おそらくこの映画は、手作りの風合いをエクスキューズ(自己弁護材料につかう)するに違いありません。日本のクリエイターがだいすきな根性論評です。それはこんな感じの弁明になるでしょう。

「大道具小道具スタッフとキャストが一丸となって、つくりあげたその終末世界に、おもわず目頭が熱くなった。この映画を批判するオマエらには、徹夜でがんばるかれらに何とか温かい味噌汁をふるまおうとする裏方の苦労とか、ぜったいに解らんだろうなあ。」

頑張ったことが日本では評価点に加味されますが残念ながら本作は海外進出しています。裏方の味噌汁作戦も、海外では通用しません。なぜ日本を代表する映画監督初のハリウッド進出作品が、まったく喧伝されなかったのでしょう?

もちろん理由は映画がコケているから。

もともと園子温のマーケティングの基礎戦略は「海外で大絶賛!」との謳いにありました。じつは「バイヤーが気に入ってくれた」ていどの徒事を「海外で大絶賛!」と語彙を変換して喧伝するのが園子温の戦略=武器だったわけ。

外国人を起用し、ほんとに海外進出したばあい、日本贔屓のバイヤーが見るわけじゃないから、とうぜん「海外で大絶賛!」が使えません。

その果敢な挑戦は賞賛に値します。わたしも人様がいっしょうけんめいつくった映画をけなしながら、よく思います──じゃあオマエはなにができるんだ。と。だけど園子温は日本を代表する映画監督ですと公言されていたのですよ。まがりなりにも。てことは風呂場で屍体解体して肉団子つくる描写を最大の持ち味とした映画監督を、日本を代表する映画監督だと信じちゃった純情な庶民がいたはず。なわけ。

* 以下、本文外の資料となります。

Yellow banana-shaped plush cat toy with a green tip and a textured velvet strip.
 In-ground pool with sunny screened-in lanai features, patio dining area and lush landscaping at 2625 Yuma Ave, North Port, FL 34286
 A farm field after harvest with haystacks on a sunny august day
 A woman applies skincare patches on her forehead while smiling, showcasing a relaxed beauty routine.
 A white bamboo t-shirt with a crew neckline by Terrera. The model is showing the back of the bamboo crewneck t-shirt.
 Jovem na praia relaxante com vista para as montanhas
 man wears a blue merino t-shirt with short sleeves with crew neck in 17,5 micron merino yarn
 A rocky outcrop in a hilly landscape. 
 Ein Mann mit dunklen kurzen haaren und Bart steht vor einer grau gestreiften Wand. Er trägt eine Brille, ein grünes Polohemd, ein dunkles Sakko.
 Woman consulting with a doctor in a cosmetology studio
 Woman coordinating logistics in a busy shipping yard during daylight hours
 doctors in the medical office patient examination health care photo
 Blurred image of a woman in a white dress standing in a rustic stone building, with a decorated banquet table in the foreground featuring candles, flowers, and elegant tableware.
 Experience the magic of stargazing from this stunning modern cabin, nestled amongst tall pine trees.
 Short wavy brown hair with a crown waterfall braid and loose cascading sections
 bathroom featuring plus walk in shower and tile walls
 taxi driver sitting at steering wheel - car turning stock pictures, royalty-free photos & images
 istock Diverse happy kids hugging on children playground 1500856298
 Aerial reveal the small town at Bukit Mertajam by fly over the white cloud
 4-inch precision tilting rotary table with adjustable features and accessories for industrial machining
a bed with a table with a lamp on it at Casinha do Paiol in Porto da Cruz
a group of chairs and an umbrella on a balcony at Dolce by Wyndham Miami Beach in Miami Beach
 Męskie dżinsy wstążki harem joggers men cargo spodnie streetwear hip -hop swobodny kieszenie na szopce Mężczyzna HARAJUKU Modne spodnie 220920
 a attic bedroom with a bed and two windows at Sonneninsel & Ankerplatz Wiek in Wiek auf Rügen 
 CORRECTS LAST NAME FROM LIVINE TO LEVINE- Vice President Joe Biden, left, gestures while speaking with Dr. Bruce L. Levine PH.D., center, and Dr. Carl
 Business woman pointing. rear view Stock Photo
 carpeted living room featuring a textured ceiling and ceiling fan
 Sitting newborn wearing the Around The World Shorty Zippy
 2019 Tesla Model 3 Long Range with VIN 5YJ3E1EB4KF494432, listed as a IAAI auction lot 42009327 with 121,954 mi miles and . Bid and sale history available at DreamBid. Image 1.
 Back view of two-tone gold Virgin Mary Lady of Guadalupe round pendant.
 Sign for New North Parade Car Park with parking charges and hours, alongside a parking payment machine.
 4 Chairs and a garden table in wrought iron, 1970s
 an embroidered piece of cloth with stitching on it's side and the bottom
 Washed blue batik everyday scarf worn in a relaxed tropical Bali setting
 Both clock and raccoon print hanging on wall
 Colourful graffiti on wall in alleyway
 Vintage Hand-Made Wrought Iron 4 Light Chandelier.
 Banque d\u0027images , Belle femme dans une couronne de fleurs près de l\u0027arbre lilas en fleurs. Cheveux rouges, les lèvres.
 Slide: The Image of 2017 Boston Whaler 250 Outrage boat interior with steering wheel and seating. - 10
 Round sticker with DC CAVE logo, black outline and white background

ところが全世界が待ち望んできたこれ、IMDB4.2。

映画における絶対の真価はできるだけ多くの評価点の集約です。がんらい持ってないのに太鼓持ちのマスコミと海外で大絶賛!戦術に支えられてきた人の到達点だと思います。その到達点とは「強い心臓」です。なにしろこの映画、サンダンスに出品されています。

2021のサンダンス。史上初の4冠、史上最高額の落札「coda」の年でした。

園子温だけじゃない。天才だの鬼才だのと宣伝している方々。そんなの日本映画界だけだぞ。恥ずかしくないですか。一般社会で天才ではない人間が天才だと喧伝したらどうなると思います?ないのに、あるって宣ったらどうなります?

映画が下手なのは、かまいません。くどくどと何十年も具陳しているのはそこじゃない。言っているのは、下手なら気取るなよ。ってこと。ずっと俺様でいけるわけないよね。
そもそも日本映画が地に落ちているのに、天才と鬼才が揃っている日本映画界って、いったいどういう次元/空間なの?

なにが日本を代表する映画監督だよ。ふ・ざ・け・ん・な。──という話。てなわけで、けなしましたし0点ですがしっかり有料で見たのでこの映画の勝ちです。おつかれさまでした俺。